RECORDS SUPPLIED:
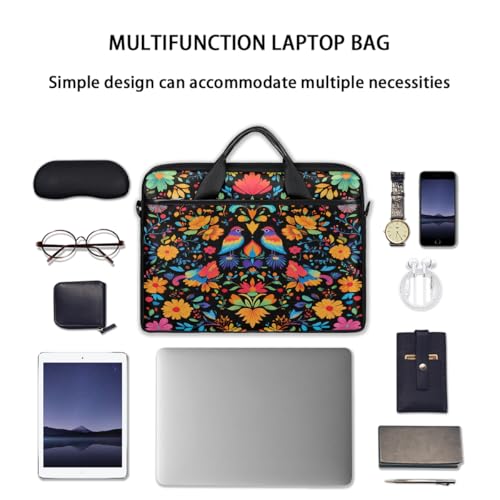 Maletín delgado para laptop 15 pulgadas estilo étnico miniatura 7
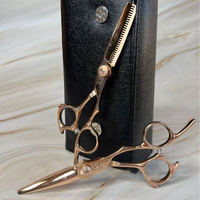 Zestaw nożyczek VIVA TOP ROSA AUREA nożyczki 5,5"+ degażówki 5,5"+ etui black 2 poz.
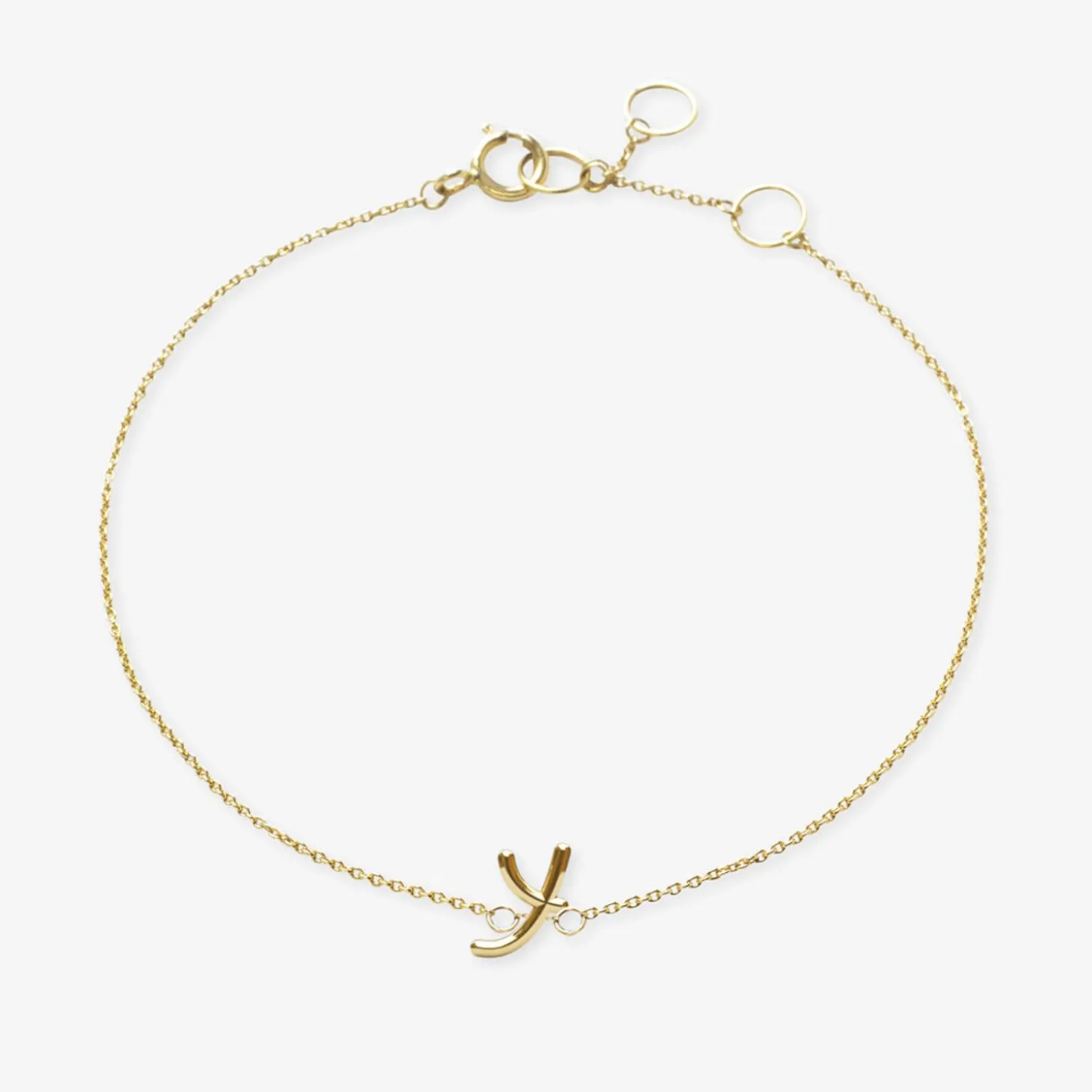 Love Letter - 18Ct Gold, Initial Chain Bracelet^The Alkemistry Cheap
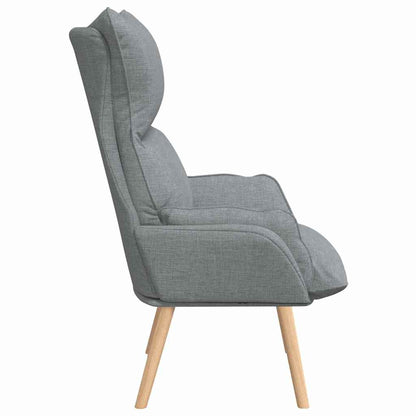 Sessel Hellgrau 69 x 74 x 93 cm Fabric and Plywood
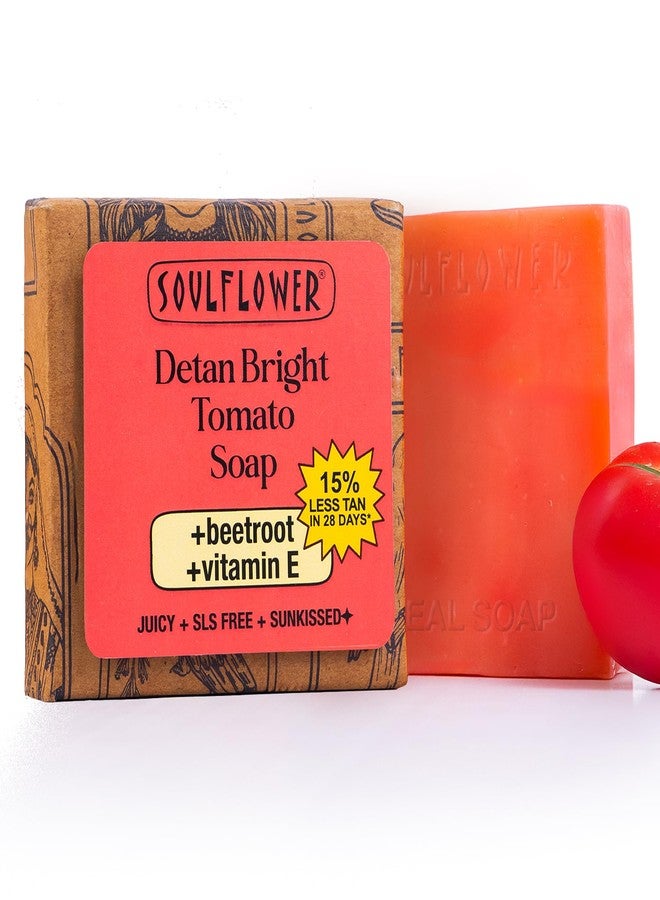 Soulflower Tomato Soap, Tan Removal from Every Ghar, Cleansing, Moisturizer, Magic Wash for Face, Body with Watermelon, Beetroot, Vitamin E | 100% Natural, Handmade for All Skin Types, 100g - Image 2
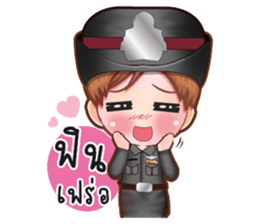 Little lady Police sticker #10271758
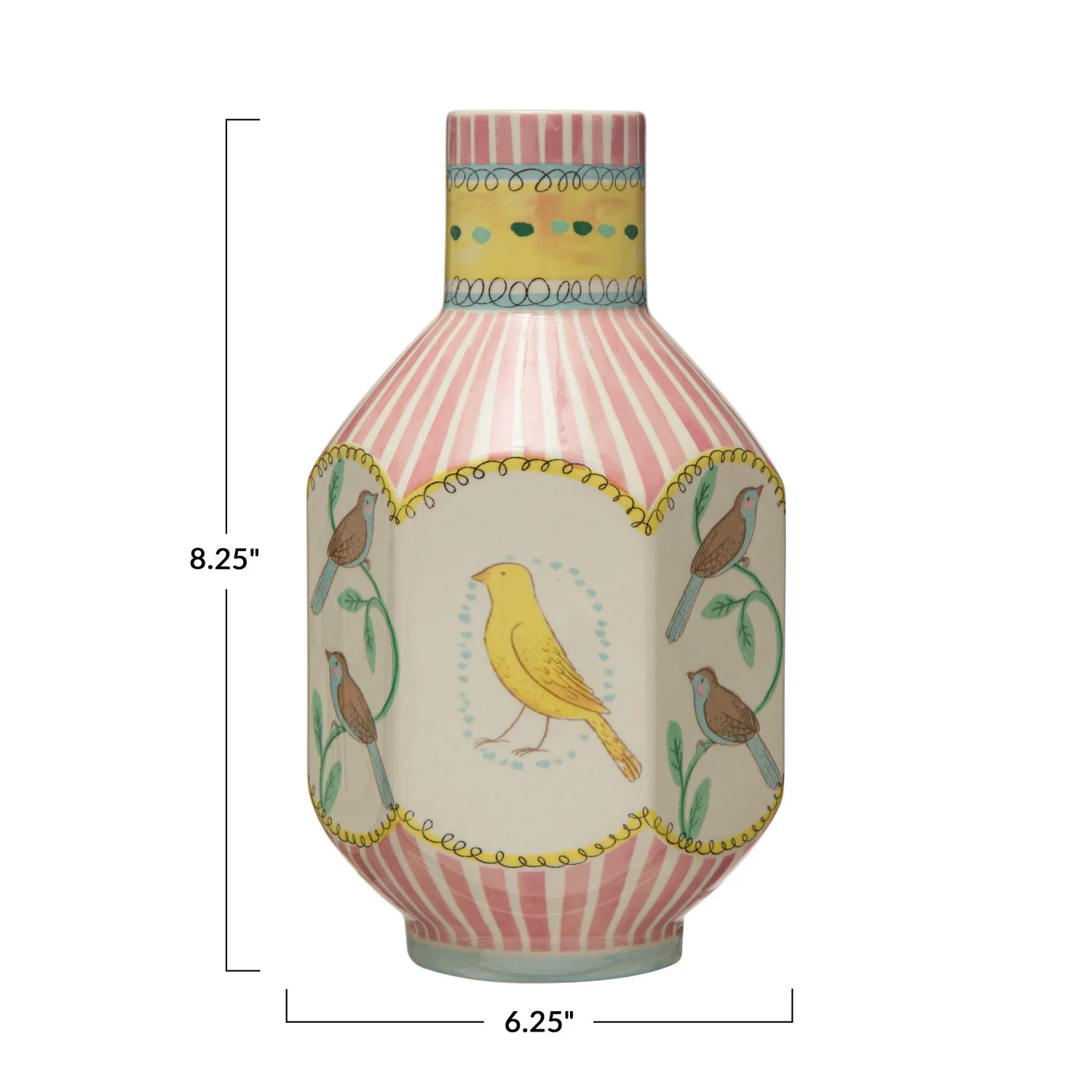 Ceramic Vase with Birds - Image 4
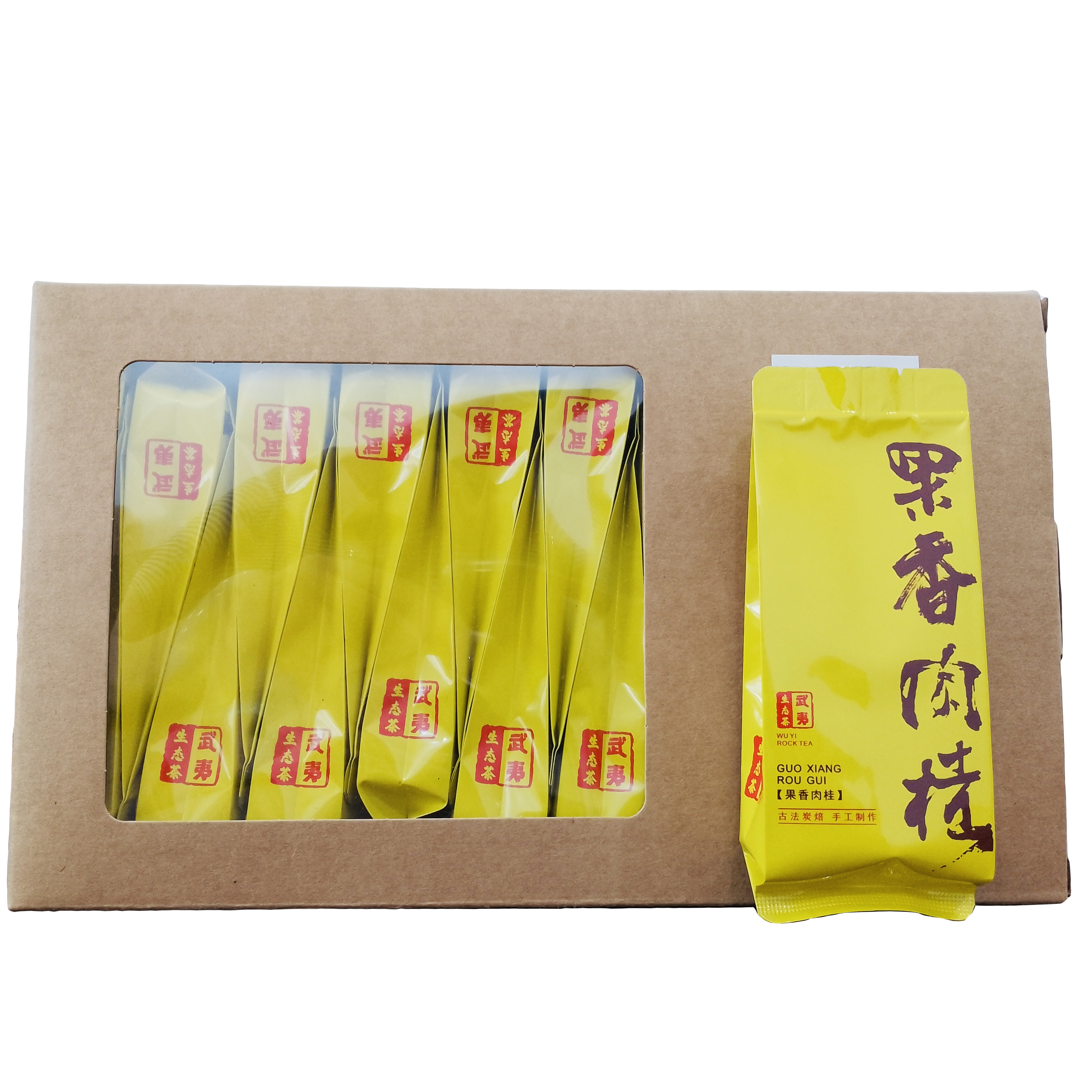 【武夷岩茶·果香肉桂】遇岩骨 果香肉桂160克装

PROBLEM TO SOLVE: Output nothing but the lines from the one containing "Ceramic Vase with Birds - Image 4" to the end of the listing, both ends included, reproduced exactly. Pictures stay out.

EXERCISE OUTPUT:
 Ceramic Vase with Birds - Image 4
 【武夷岩茶·果香肉桂】遇岩骨 果香肉桂160克装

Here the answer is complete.